- **WHAT YOU SHOULD DO**
In the entries below, begin at the line with "Giant Sequoia (Sequoiadendron" and stop after the line with "голуби на балконе дома"; output those lines exactly and omit the pictures.

**** SOURCE DATA ****

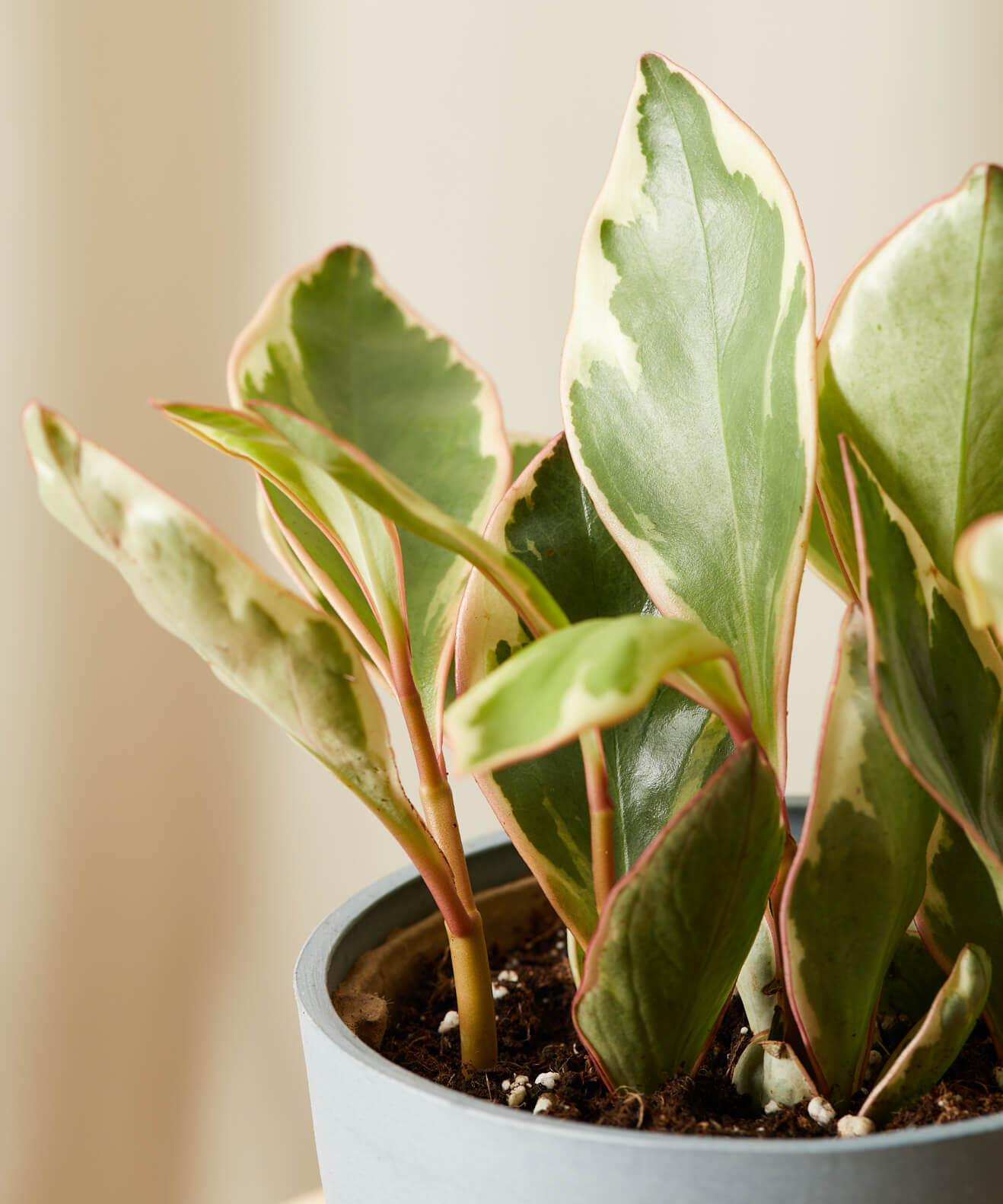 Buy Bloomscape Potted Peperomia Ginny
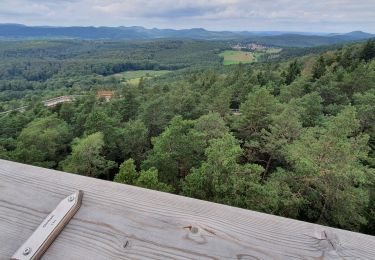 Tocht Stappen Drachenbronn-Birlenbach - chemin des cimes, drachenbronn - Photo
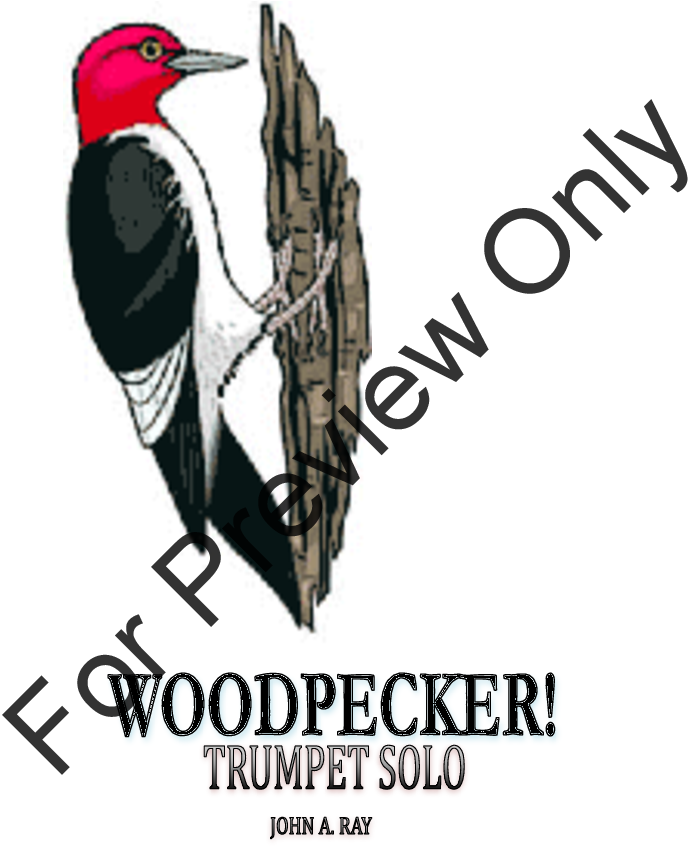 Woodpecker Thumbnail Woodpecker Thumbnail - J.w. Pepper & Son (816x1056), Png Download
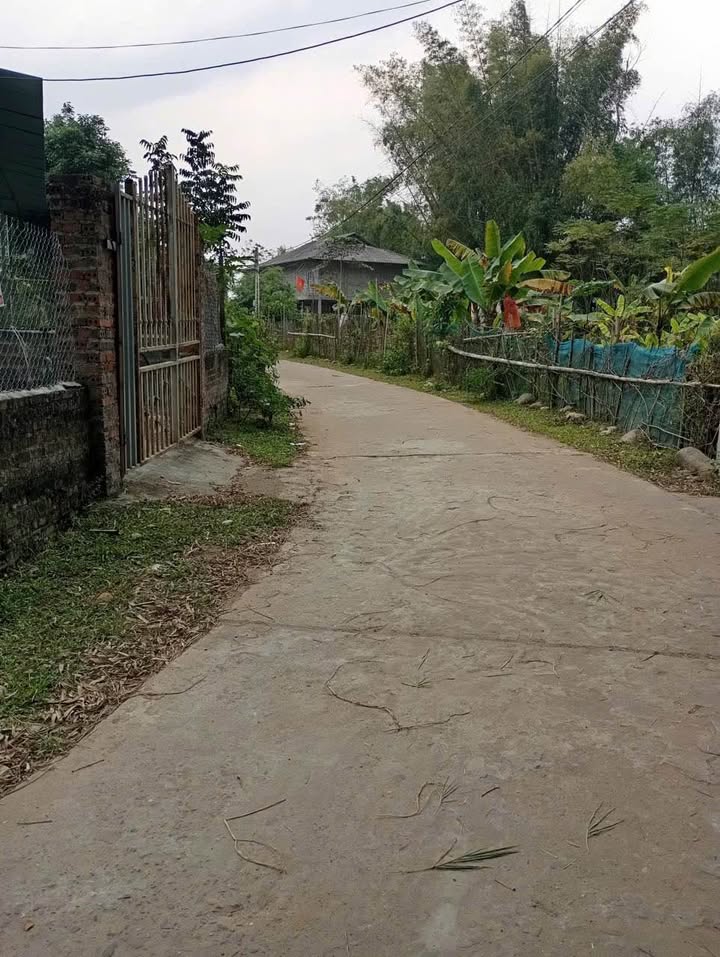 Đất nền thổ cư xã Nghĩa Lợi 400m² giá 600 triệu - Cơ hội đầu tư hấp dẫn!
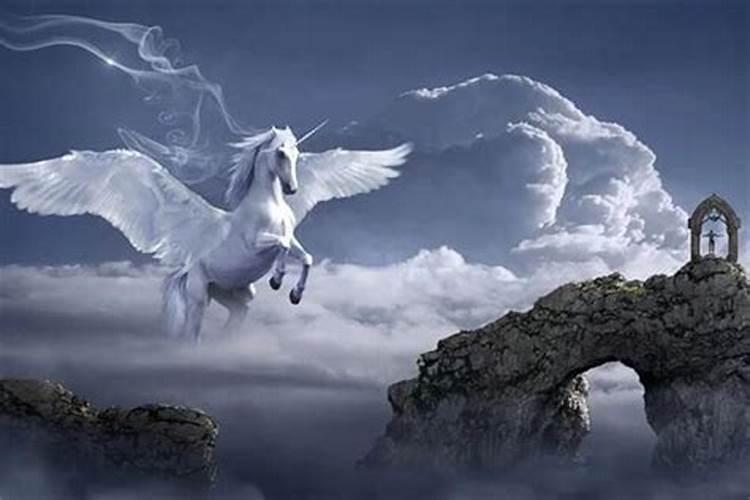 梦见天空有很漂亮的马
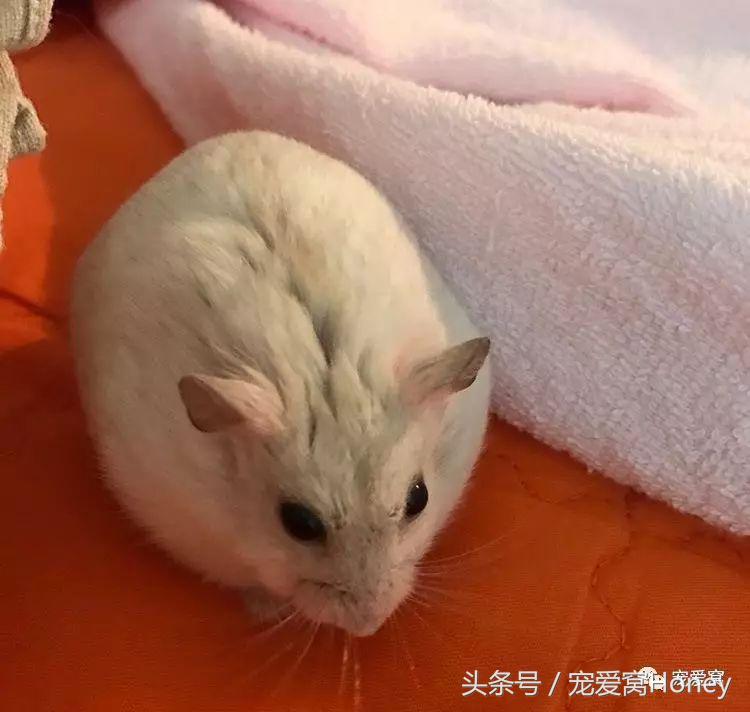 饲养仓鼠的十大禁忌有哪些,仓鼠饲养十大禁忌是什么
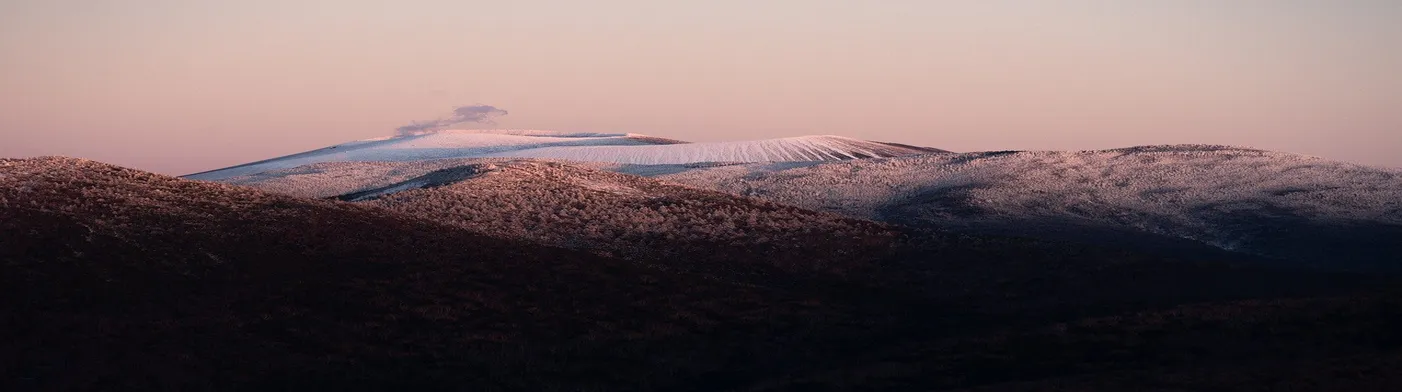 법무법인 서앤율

****
**** SOURCE DATA ****

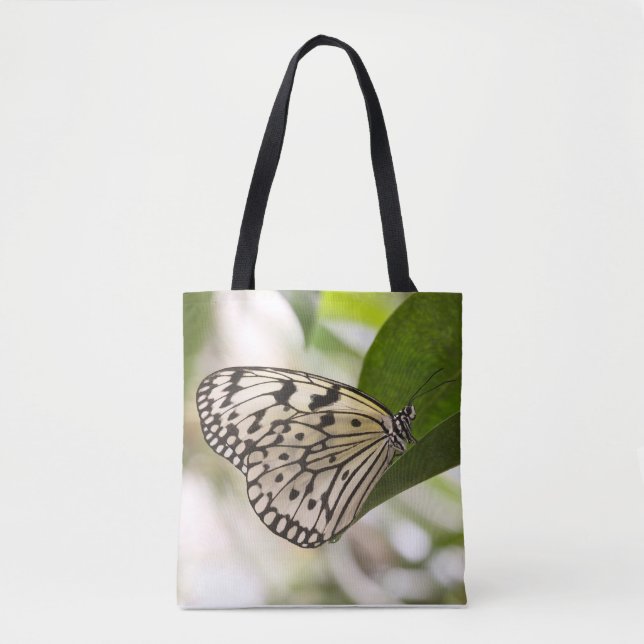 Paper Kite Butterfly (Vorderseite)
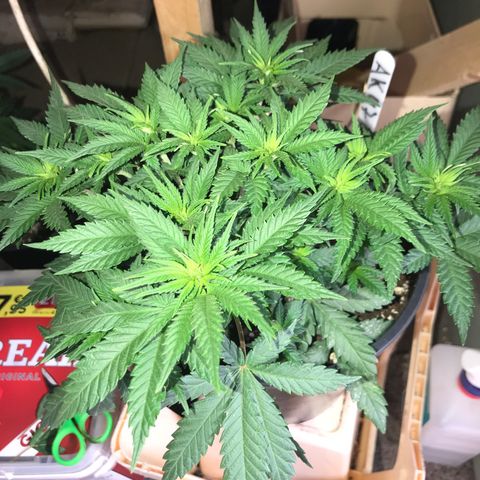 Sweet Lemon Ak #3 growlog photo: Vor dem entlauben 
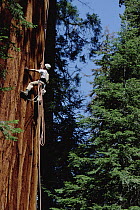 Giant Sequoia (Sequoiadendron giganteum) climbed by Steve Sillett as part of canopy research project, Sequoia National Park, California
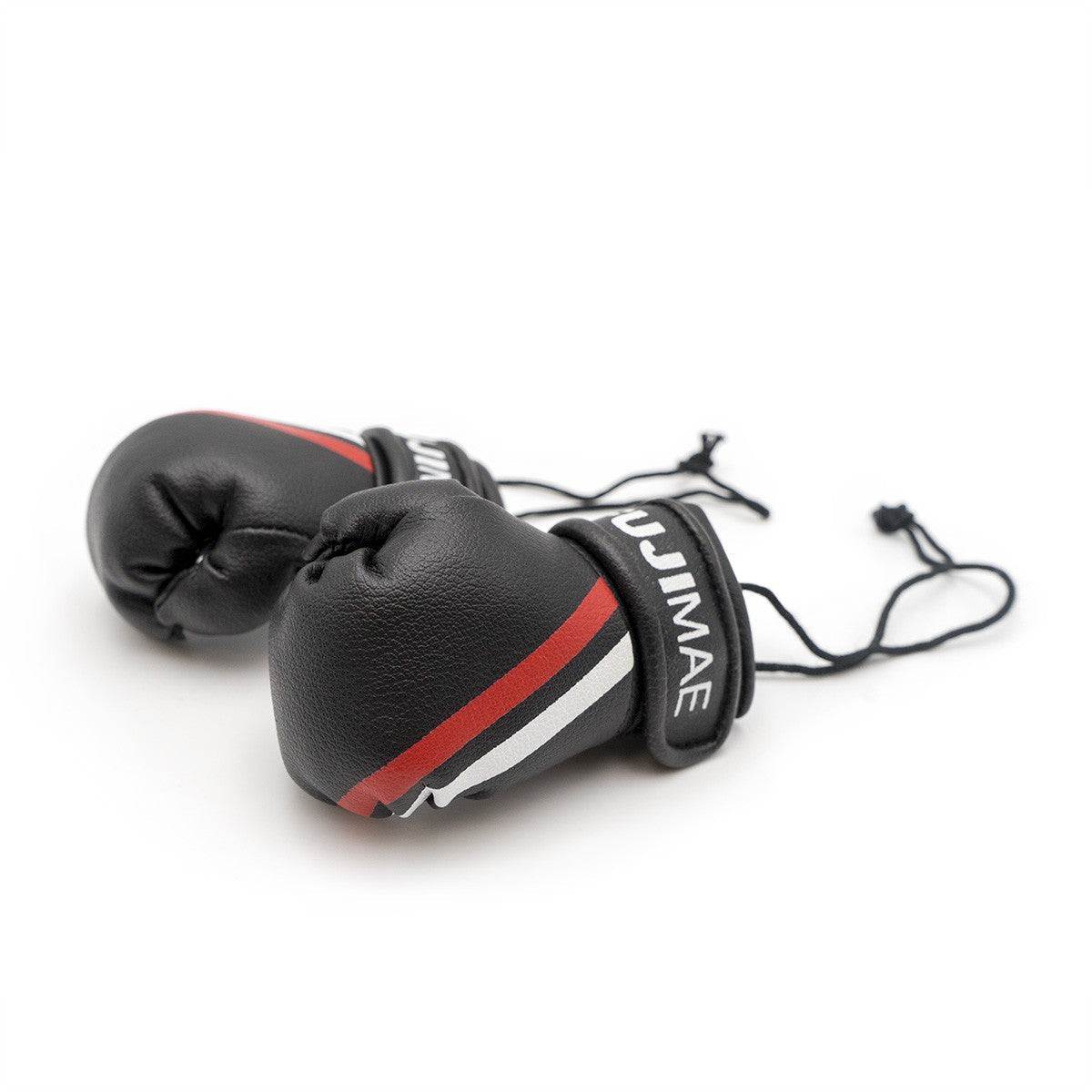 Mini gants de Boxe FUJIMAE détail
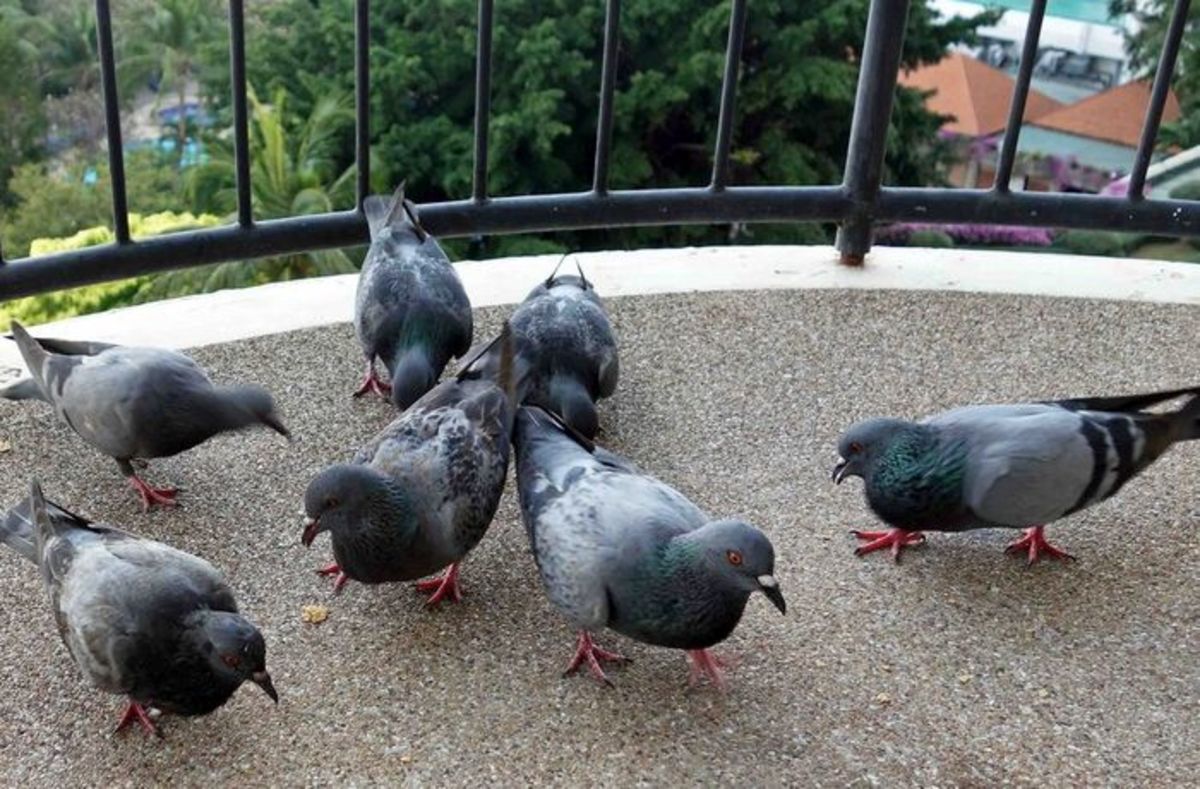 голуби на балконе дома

****

- **ANSWER BOX**
 Giant Sequoia (Sequoiadendron giganteum) climbed by Steve Sillett as part of canopy research project, Sequoia National Park, California
 Mini gants de Boxe FUJIMAE détail
 голуби на балконе дома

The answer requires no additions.